Enhancing Differential Evolution Algorithm for Solving Continuous Optimization Problems

Abstract: Differential Evolution (DE) has become one of the most important metaheuristics during the recent years, obtaining attractive results in solving many engineering optimization problems. However, the performance of DE is not always strong when seeking optimal solutions. It has two major problems in real world applications. First, it can easily get stuck in a local optimum or fail to generate better solutions before the population has converged. Secondly, its performance is significantly influenced by the control parameters, which are problem dependent and which vary in different regions of space under exploration.  It usually entails a time consuming trial-and-error procedure to set suitable parameters for DE in a specific problem, particularly for those practioners with limited knowledge and experience of using this technique. This thesis aims to develop new DE algorithms to address the two aforementioned problems.
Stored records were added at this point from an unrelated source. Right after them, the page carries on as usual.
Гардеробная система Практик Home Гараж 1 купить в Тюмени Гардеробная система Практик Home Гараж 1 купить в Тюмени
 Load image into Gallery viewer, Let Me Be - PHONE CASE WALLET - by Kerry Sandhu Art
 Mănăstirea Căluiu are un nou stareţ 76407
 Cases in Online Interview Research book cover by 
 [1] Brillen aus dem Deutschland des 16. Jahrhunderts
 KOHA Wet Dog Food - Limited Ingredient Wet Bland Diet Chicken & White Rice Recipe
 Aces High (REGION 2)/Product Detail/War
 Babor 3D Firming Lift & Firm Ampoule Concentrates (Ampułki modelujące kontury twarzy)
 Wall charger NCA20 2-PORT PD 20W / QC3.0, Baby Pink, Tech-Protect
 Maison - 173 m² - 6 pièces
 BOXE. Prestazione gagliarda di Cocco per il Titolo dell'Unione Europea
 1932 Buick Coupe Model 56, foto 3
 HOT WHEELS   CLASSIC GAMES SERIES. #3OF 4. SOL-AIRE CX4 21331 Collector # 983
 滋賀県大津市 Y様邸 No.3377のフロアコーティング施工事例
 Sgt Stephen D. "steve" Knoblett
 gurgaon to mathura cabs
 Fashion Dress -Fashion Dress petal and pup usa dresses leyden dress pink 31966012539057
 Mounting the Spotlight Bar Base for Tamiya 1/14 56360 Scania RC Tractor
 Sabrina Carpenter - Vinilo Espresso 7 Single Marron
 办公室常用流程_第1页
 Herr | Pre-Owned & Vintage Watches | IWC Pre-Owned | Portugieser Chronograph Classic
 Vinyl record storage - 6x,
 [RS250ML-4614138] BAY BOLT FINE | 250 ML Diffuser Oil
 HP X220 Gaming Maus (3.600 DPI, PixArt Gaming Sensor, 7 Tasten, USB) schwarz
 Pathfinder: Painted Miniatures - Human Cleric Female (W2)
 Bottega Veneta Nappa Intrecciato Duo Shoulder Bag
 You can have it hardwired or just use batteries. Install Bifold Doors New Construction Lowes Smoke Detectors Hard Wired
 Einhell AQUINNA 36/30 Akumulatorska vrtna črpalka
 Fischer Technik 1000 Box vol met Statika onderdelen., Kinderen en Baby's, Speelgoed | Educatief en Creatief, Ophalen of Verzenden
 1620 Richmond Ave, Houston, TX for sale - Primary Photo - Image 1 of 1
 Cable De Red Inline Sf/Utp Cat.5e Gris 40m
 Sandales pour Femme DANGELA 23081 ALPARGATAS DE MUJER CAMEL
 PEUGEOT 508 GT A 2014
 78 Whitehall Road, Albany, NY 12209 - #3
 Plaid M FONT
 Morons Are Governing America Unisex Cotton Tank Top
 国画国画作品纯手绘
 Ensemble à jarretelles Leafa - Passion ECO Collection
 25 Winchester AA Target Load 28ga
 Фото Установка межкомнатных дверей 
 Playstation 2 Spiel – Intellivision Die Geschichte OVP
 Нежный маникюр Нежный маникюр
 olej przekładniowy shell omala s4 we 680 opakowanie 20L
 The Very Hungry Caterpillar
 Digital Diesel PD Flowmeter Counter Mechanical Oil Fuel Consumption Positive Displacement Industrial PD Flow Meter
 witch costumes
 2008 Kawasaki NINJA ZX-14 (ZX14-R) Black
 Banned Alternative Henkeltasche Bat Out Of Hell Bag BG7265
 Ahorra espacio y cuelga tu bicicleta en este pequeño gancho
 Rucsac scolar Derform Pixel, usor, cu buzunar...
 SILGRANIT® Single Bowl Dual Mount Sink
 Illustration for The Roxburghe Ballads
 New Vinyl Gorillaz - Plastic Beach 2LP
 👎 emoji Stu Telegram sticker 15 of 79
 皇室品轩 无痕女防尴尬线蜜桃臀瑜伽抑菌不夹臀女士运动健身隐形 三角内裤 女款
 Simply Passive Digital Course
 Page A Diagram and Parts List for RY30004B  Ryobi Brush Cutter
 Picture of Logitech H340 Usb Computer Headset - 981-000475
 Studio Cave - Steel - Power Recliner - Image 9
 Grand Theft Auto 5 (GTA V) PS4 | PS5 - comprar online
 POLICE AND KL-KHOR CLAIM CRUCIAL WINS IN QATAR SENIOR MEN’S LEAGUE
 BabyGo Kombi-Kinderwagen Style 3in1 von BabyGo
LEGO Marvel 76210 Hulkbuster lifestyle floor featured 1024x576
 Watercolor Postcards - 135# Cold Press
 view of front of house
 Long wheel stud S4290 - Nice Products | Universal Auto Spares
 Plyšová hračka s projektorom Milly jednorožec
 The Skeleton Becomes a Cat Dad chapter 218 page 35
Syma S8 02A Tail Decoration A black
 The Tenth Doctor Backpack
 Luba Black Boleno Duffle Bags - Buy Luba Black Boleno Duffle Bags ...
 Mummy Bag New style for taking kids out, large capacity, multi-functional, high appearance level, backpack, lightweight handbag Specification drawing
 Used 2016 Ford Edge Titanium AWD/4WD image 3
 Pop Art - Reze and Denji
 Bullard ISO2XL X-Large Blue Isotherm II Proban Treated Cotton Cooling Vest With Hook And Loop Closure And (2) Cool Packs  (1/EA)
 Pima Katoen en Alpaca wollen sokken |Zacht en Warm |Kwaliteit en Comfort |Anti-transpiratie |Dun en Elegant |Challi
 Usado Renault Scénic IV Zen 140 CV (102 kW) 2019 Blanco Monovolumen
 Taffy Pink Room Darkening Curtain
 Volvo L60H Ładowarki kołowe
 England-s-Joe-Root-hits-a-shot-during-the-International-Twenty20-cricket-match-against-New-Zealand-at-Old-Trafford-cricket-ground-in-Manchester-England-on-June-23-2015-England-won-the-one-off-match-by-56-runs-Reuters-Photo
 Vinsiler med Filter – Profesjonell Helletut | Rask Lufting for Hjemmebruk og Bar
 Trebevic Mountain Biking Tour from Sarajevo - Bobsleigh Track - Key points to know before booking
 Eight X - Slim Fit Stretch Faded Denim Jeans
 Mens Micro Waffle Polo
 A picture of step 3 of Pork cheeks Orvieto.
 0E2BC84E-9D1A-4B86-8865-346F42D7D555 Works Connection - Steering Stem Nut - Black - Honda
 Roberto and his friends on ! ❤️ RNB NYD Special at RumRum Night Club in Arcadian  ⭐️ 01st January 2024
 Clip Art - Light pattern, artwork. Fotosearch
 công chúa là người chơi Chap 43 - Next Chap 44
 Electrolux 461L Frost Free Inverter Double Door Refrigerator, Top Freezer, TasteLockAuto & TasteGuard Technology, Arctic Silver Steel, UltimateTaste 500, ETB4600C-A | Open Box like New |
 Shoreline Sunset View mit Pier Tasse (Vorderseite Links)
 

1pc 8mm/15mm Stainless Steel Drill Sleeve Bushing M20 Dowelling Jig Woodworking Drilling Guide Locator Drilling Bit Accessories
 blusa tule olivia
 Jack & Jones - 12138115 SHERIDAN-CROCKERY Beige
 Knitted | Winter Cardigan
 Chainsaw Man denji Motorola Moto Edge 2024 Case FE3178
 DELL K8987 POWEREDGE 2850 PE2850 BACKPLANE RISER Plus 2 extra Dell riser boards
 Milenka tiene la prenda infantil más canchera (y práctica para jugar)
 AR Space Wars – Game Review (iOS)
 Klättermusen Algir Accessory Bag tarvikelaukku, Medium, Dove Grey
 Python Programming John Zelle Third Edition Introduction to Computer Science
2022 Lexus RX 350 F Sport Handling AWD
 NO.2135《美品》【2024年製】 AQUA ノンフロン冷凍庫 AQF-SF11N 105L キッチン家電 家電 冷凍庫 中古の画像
To mitigate the first problem, we studied the hybridization of DE with local search techniques to enhance the efficiency of search. The main idea is to apply a local search mechanism to the best individual in each generation of DE to exploit the most promising regions during the evolutionary processs so as to speed up the convergence or increase the chance to scape from local optima. Four local search strategies have been integrated  and tested in the global DE framework, leading to variants of the memetic DE algorithms with different properties concerning diversification and intensification. For tackling the second problem, we propose a greedy adaptation method for dynamic adjustment of the control parameters in DE. It is implemented by conducting greedy search repeatedly during the run of DE to reach better parameter assignments in the neighborhood of a current candidate. The candidates are assessed by considering both, the success rate and also fitness improvement of trial solutions against the target ones. The incorporation of this greedy parameter adaptation method into standard DE has led to a new adaptive DE algorithm, referred to as Greedy Adaptive Differential Evolution (GADE). The methods proposed in this thesis have been tested in different benchmark problems and compared with the state of the art algorithms, obtaining competitive results. Furthermore, the proposed GADE algorithm has been applied in an industrial scenario achieving more accurate results than those obtained by a standard DE algorithm.